TIFFANY-ANNABELLE - 100 WAYS SHE BLOOMS
@ 67 York Street, Marylebone, W1H 1QB. PRIVATE VIEW: 13 May, 2026, 6 - 8pm
12 - 17 May 2026
Following the success of her UK debut at London Art Fair earlier this year, Ed Cross presents British Nigerian artist Tiffany-Annabelle’s 100 ways she blooms – a spectacular installation of 100 framed mixed-media works on C5 manilla envelopes, at 67 York Street, Marylebone, from May 12 to 17.
The latest iteration of her Women in Bloom series that began in Lagos during the lockdown, explores the relationship between female and floral flourishing. Originally on brown wrapping paper, Tiffany-Annabelle’s new envelope works playfully embody their epistolary medium. Described by the artist as love letters, each opens plural avenues of correspondence – between the work and its viewer, its figure and her environment; the artist, and her own mark-making.

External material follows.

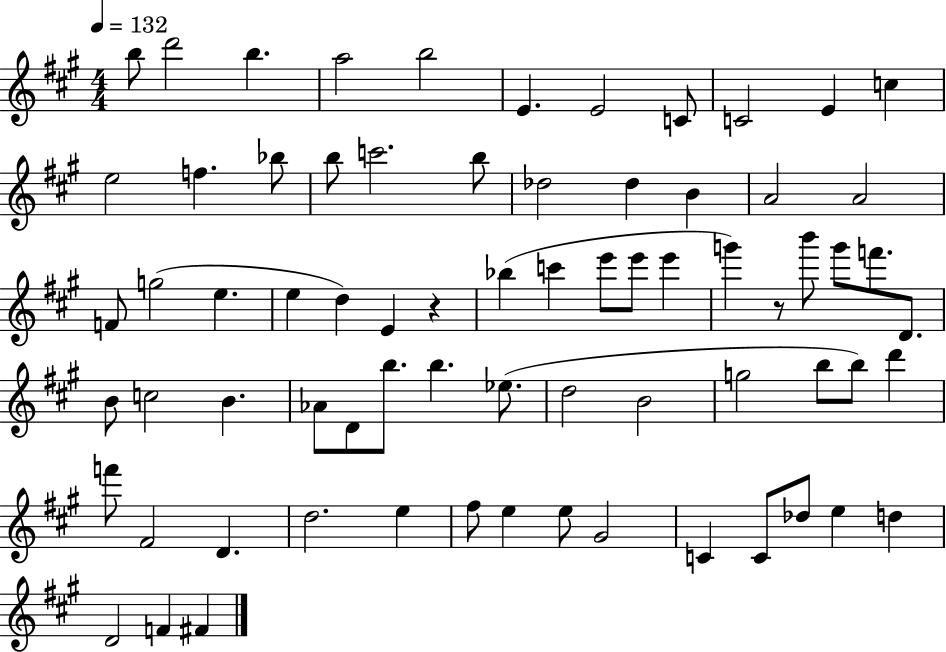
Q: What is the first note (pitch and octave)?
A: B5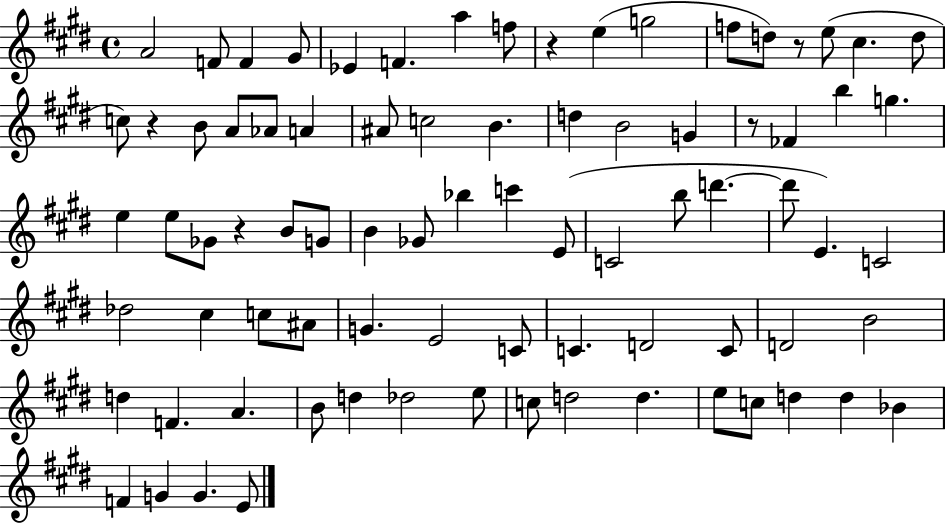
A4/h F4/e F4/q G#4/e Eb4/q F4/q. A5/q F5/e R/q E5/q G5/h F5/e D5/e R/e E5/e C#5/q. D5/e C5/e R/q B4/e A4/e Ab4/e A4/q A#4/e C5/h B4/q. D5/q B4/h G4/q R/e FES4/q B5/q G5/q. E5/q E5/e Gb4/e R/q B4/e G4/e B4/q Gb4/e Bb5/q C6/q E4/e C4/h B5/e D6/q. D6/e E4/q. C4/h Db5/h C#5/q C5/e A#4/e G4/q. E4/h C4/e C4/q. D4/h C4/e D4/h B4/h D5/q F4/q. A4/q. B4/e D5/q Db5/h E5/e C5/e D5/h D5/q. E5/e C5/e D5/q D5/q Bb4/q F4/q G4/q G4/q. E4/e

Combining the comic-like quality of graphic silk-screen printing with the spontaneous application of paint and pastel, repetition makes those marks iterative as well as meditative. In 100 Ways She Blooms, the artist’s motifs – inscrutable nude women, surrounded by lush flora – are encountered again and again, as though from slightly shifted vantage points. Reminiscent of stickers, stamps or copy-paste collage, the figures are almost identical, lines and postures (squatting; on tiptoe) recurring. Meanwhile, minute differences underscore the individuality of each – women who, despite their overwhelmingly commonality, retain a resilient and ineffable uniqueness.
While the work is explicitly tied to the artist’s Nigerian heritage – literally, in her choice of flowers native to her Itsekiri homeland – it is equally in conversation with the Western canon and its storied history of depicting the female nude. And although Tiffany-Annabelle’s are unquestionably set apart from that lineage – agents rather than objects, Black rather than white – their nakedness and ambiguous rural settings nonetheless recall countless canonical scenes: biblical Susanna bathing as spied by the elders, or any number of Greek nymphs (Daphne turning into a laurel tree to escape Apollo, for instance).

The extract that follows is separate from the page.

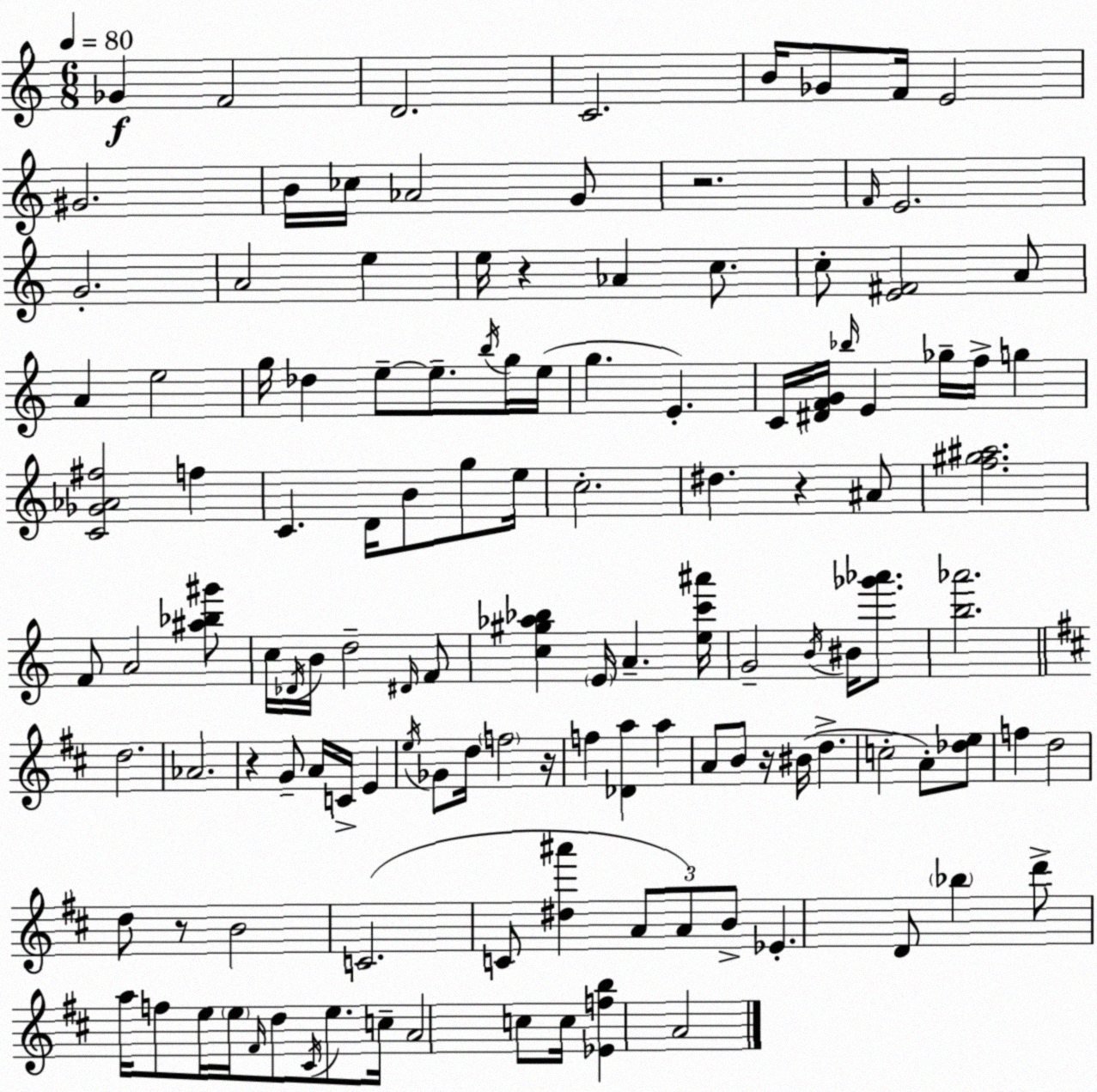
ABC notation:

Such connecting threads are all the more tantalising for the simplicity with which the artist severs them. Untroubled by lecherous gods or elders, the nakedness of Tiffany-Annabelle’s women is neither dangerous nor provocative, neither alluring nor shameful; instead, artist as well as viewer is given space to look with fresh eyes. And as old associations are washed away, the female body emerges as both empowered and empowering. Most profound of all, thanks to the exhibition’s 100-fold repetition, it is granted a new precedent: to simply be.
Broadening her focus from solo women to depict male-female couples for the first time, 100 ways she blooms broaches yet more deceptively radical ground – inverting established depictions of women as supplementary adjuncts to male partners, these latest duos echo the sentiment of Olivia Dean’s hit song, Be the man I need.
Customarily, conventions take years to build up – but with her insistent reiterations, Tiffany-Annabelle accelerates that organic process to her own ends. Establishing new canons for her protagonists to inhabit, sloughing off tired ones in their wake, she grants subjects and viewers alike an uncommon gift: dropping familiar characters into new stories, flashing us snippets, we are finally free to imagine what’s next. How’s that for pushing the envelope?